Show the specific retail skills Big Lots uses

Big Lots applicants should emphasize the parts of retail that keep a store running when staffing is tight and priorities change fast. Cashiering matters, but so does the ability to move from one task to another without losing accuracy. Inventory counts matter, but so does the reliability to finish them correctly. Customer service matters, but so does the judgment to keep a floor looking organized while helping a shopper find what they need.

If you handled freight, backroom work, truck unloads, seasonal resets, or planograms, those details belong near the top of the resume. They show that you understand a store environment where merchandise changes often and execution has to keep up. At a company like Big Lots, where stores depend on quick turns and practical merchandising, that is more persuasive than a broad statement about being a hard worker.

Write differently for store jobs and support-center jobs

The best resume format changes based on the job you want. If you are applying to a store role, keep the focus on availability, customer interactions, and your ability to work the floor without constant supervision. Hiring managers want to know that you can show up, stay flexible, and handle the pace of a retail shift.

If you are applying to a support-center role in Columbus or Henderson, translate your store experience into the language of coordination and process. That means showing how you communicated with managers, tracked details, followed procedures, or helped multiple departments stay aligned. A store associate who handled scheduling changes, resolved inventory questions, or kept records accurate has more to offer a support team than a resume might first suggest.

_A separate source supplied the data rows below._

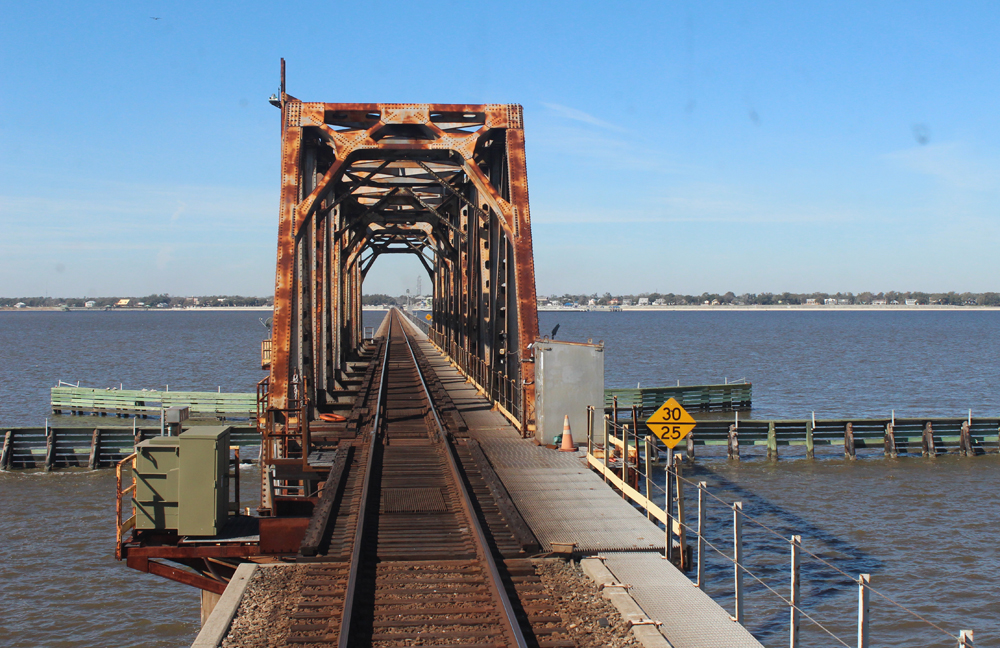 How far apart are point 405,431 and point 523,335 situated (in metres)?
3.44

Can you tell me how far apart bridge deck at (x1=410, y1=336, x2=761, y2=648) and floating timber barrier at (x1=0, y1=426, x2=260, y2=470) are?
15135mm

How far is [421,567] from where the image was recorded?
892cm

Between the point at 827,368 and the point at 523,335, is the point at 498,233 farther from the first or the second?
the point at 827,368

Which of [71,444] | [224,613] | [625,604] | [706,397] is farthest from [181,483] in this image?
[706,397]

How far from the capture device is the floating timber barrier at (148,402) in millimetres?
36875

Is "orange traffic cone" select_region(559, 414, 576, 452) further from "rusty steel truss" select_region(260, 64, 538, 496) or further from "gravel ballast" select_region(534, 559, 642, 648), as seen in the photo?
"gravel ballast" select_region(534, 559, 642, 648)

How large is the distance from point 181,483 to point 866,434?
2634 centimetres

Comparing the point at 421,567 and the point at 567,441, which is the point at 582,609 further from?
the point at 567,441

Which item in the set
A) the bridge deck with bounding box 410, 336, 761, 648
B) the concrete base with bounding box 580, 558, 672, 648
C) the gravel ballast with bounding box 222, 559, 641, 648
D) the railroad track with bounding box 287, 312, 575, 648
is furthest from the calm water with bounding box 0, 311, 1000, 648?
the gravel ballast with bounding box 222, 559, 641, 648

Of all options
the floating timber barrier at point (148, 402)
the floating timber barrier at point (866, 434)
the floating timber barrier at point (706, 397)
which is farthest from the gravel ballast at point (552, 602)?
the floating timber barrier at point (706, 397)

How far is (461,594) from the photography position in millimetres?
8148

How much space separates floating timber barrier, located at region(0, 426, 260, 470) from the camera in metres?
27.1

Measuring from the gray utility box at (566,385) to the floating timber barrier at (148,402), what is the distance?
70.6ft

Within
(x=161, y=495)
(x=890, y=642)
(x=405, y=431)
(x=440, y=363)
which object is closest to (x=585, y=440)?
(x=405, y=431) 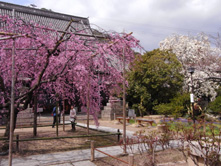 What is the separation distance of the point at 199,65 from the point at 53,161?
61.7ft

CareerOneStop’s advice fits both paths: choose the structure that highlights the right strengths for the job, and make it easy to see that you meet the minimum qualifications. At Big Lots, that could mean putting retail operations first for one application and cross-functional teamwork first for another.

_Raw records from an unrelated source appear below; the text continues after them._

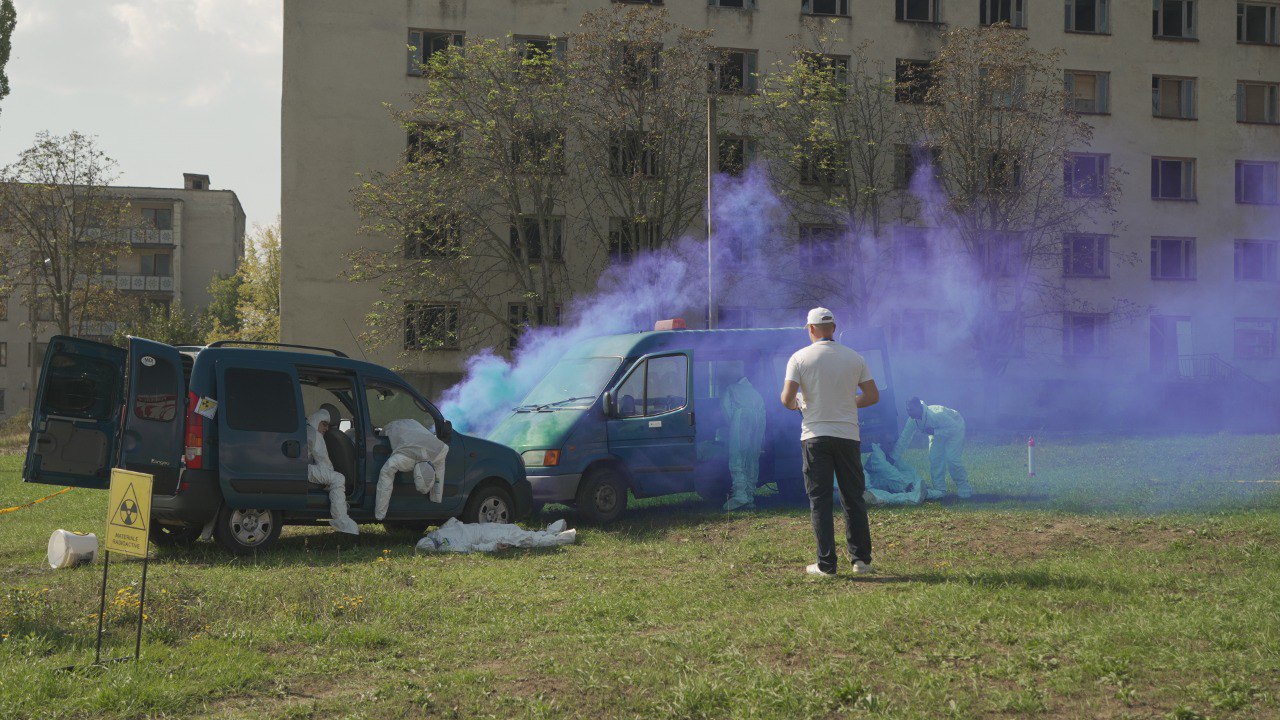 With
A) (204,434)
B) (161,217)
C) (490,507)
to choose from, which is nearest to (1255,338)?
(490,507)

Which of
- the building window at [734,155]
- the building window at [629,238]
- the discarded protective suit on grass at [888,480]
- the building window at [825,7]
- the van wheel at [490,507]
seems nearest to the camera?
the van wheel at [490,507]

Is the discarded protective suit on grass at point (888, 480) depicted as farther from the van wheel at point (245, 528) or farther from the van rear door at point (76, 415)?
the van rear door at point (76, 415)

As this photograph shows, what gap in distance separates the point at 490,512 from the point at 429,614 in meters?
4.58

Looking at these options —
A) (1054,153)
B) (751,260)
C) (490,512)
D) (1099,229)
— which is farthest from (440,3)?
(490,512)

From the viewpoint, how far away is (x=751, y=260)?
1315 inches

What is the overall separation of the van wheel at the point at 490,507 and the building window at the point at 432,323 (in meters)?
21.5

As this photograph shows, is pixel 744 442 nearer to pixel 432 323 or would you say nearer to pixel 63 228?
pixel 432 323

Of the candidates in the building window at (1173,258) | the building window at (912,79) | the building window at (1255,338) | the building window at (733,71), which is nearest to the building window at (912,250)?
the building window at (912,79)

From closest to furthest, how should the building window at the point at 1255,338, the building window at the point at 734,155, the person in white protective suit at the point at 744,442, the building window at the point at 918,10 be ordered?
the person in white protective suit at the point at 744,442
the building window at the point at 734,155
the building window at the point at 918,10
the building window at the point at 1255,338

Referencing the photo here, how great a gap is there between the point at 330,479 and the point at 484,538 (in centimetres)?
159

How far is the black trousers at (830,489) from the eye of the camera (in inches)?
324

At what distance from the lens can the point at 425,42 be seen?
36000 millimetres

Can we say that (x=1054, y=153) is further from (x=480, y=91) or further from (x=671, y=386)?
(x=671, y=386)

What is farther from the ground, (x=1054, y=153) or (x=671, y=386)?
(x=1054, y=153) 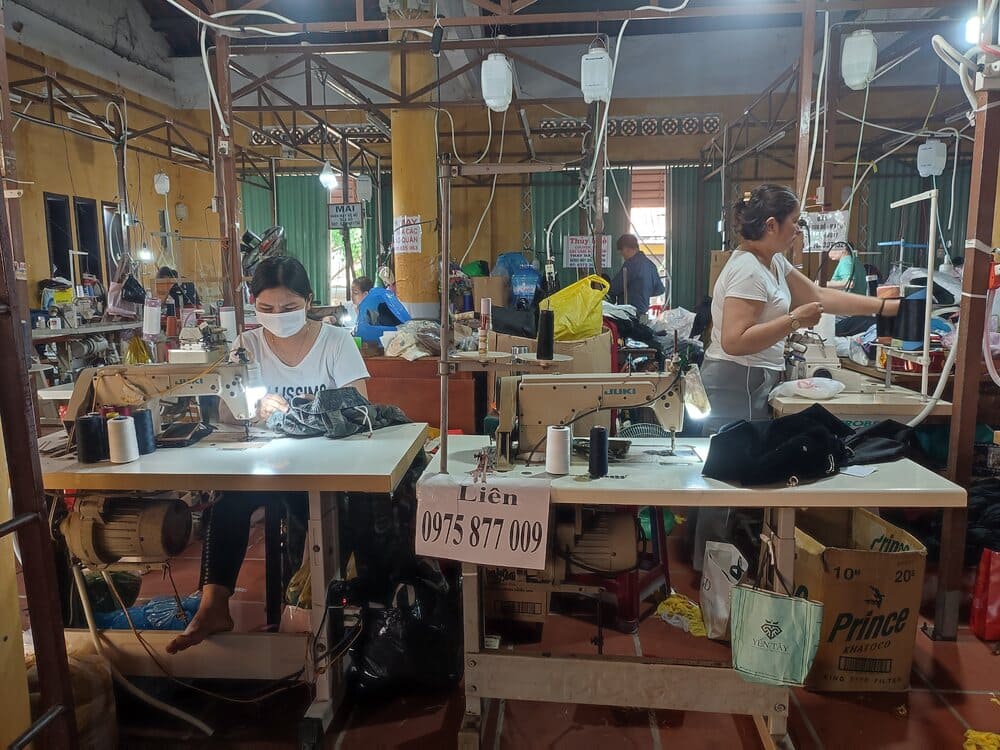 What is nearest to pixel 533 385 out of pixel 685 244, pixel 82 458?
pixel 82 458

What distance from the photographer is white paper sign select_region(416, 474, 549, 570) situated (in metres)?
1.72

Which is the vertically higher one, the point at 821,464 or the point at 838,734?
the point at 821,464

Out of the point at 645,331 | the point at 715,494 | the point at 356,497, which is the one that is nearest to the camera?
the point at 715,494

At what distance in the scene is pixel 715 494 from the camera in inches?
66.1

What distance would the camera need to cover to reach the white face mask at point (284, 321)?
245cm

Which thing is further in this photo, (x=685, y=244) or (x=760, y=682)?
(x=685, y=244)

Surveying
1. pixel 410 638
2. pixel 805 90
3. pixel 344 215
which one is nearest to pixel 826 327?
pixel 805 90

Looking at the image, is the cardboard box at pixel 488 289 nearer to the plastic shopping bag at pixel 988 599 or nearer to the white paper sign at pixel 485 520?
the plastic shopping bag at pixel 988 599

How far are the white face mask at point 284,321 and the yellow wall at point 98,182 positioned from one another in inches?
170

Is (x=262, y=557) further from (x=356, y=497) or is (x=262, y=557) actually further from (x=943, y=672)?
(x=943, y=672)

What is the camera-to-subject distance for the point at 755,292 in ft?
7.80

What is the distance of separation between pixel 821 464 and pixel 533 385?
787 mm

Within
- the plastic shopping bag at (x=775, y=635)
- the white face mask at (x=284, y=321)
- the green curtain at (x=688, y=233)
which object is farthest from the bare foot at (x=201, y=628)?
the green curtain at (x=688, y=233)

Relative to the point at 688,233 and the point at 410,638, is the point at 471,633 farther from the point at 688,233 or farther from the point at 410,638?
the point at 688,233
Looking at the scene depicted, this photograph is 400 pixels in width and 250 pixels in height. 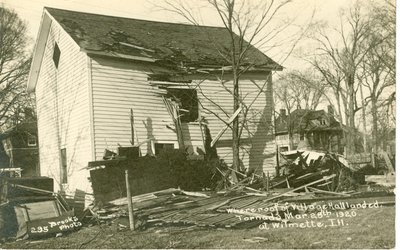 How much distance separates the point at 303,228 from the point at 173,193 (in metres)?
4.27

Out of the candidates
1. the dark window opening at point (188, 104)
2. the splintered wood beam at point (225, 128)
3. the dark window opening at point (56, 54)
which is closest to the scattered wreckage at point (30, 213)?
the dark window opening at point (188, 104)

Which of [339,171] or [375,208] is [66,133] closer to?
[339,171]

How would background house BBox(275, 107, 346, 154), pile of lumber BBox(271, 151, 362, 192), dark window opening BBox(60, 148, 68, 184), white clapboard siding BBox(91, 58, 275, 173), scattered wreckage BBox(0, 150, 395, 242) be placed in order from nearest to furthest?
scattered wreckage BBox(0, 150, 395, 242)
pile of lumber BBox(271, 151, 362, 192)
white clapboard siding BBox(91, 58, 275, 173)
dark window opening BBox(60, 148, 68, 184)
background house BBox(275, 107, 346, 154)

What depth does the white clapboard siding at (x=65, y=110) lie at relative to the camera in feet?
49.3

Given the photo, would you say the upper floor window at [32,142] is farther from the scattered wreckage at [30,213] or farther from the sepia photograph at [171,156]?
the scattered wreckage at [30,213]

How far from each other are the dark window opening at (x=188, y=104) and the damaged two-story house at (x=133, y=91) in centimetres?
4

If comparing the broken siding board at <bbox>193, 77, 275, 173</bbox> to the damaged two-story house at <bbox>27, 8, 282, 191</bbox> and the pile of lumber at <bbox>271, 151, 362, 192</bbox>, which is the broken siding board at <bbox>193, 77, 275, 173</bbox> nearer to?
the damaged two-story house at <bbox>27, 8, 282, 191</bbox>

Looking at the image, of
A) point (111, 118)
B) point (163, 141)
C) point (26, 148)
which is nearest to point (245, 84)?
point (163, 141)

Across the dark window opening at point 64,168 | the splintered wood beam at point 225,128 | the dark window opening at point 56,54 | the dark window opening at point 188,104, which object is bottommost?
the dark window opening at point 64,168

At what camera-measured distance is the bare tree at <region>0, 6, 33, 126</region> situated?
20.8 m

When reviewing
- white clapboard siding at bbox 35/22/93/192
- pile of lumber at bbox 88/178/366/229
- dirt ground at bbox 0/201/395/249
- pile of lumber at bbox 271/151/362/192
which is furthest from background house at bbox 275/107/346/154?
dirt ground at bbox 0/201/395/249

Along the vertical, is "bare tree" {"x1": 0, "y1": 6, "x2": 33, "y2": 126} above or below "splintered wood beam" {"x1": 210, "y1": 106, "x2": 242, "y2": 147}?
above

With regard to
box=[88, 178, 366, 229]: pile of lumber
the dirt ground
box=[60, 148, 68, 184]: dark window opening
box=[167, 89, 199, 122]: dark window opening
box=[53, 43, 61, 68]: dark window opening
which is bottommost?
the dirt ground

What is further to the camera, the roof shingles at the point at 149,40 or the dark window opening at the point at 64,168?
the dark window opening at the point at 64,168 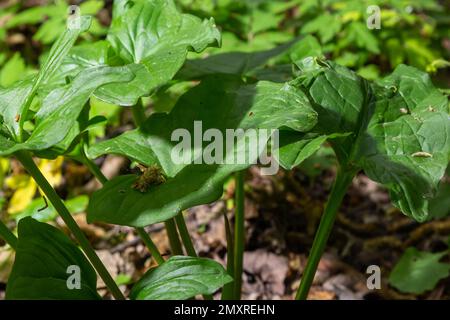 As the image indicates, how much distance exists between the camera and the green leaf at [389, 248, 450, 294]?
76.2 inches

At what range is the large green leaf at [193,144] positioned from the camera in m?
1.14

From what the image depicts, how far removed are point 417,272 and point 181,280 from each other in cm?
111

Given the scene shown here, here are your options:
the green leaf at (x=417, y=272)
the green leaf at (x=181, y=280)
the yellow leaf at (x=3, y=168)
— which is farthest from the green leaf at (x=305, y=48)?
the yellow leaf at (x=3, y=168)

Big Lots’ reset makes adaptability especially valuable

The company’s recent history explains why hiring teams may be paying close attention to adaptability. Former BL Stores, Inc. and subsidiaries filed Chapter 11 on September 9, 2024, then Big Lots was purchased out of bankruptcy in 2025 by Variety Wholesalers. The new Big Lots now operates 219 stores in 15 states, with a footprint concentrated in Midwest, Southeast, and Mid-Atlantic markets.

That change in scale matters to applicants. Big Lots is not trying to staff the same national network it had before the restructuring. It is rebuilding in a narrower set of markets, which makes each hire more important and each resume more specific. ABC News reported in April 2025 that 132 stores were set to reopen in May 2025, and later reporting noted that the reopening program reached 219 stores. In practical terms, that means the company has been moving through a major reset while still asking workers to keep stores open, stocked, and serviceable.

For applicants, that history favors resumes that show pace, flexibility, and comfort with change. Someone who has already worked recovery after a delivery, adjusted to a new planogram, or handled a sudden shift in priorities has exactly the kind of experience a reorganized retailer can use.

Make every bullet prove you can do the job

Big Lots is hiring in a leaner format, but that does not mean the resume should be lean on detail. The strongest applications connect store-floor work to outcomes, use the right language for the track being targeted, and make the reader see value immediately. In a company operating 219 stores across 15 states after a bankruptcy reset, clear proof of retail skill, inventory discipline, and teamwork stands out faster than a generic list of past jobs.